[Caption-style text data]
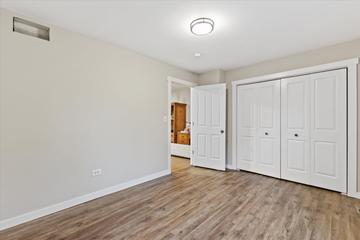 22727 126th St, Salem Lakes, WI 53104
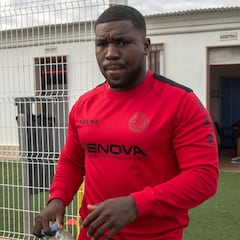 "No es cierto que volví al fútbol porque estaba arruinado"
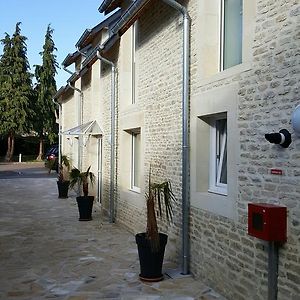 Hotel De La Gare Mezidon-Canon Exterior photo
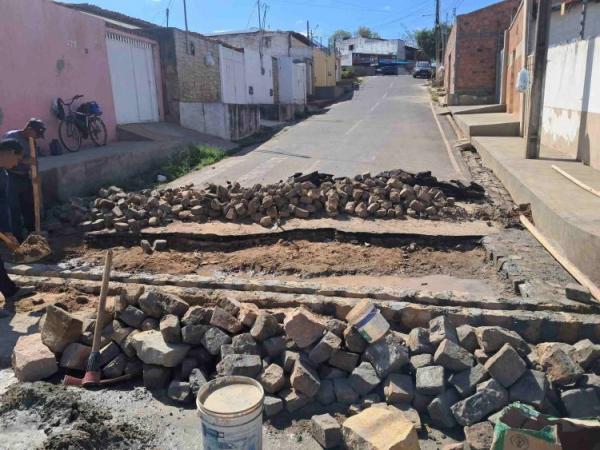 Infraestrutura de Floriano divulga balan&ccedil;o da Opera&ccedil;&atilde;o Tapa-Buracos realizada em novembro(Imagem:Secom)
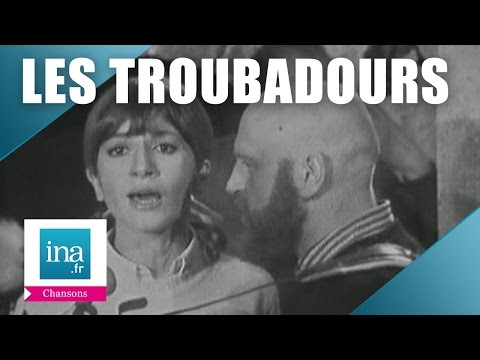 Les Troubadours "N'y pense plus tout est bien" (live officiel) | Archive INA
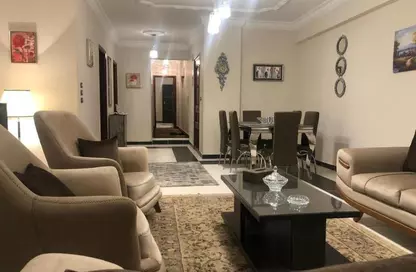 شقة - 3 غرف نوم - 2 حمامات للايجار في المستثمر الصغير - الحي العاشر - الشيخ زايد - الجيزة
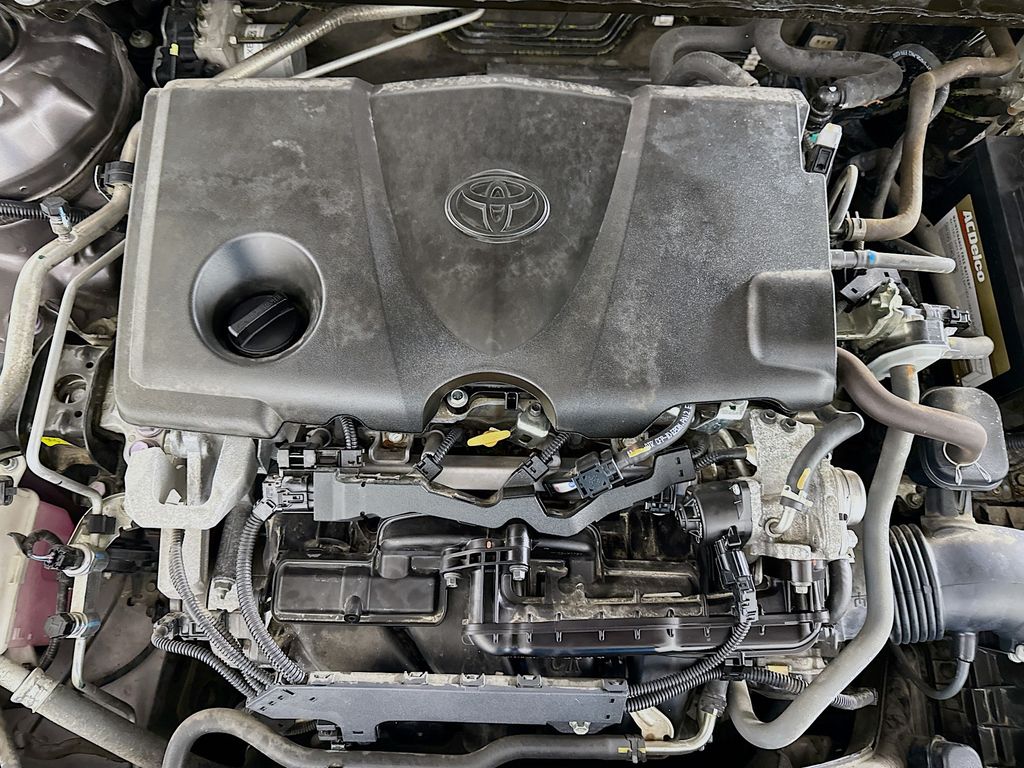 Thumbnail: 2021 Toyota Camry - 31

__Activity__
Leaving the pictures aside, copy exactly and only the lines from the one holding "شقة - 3 غرف" through the final line of the data, both ends kept.

__Answer__
 شقة - 3 غرف نوم - 2 حمامات للايجار في المستثمر الصغير - الحي العاشر - الشيخ زايد - الجيزة
 Thumbnail: 2021 Toyota Camry - 31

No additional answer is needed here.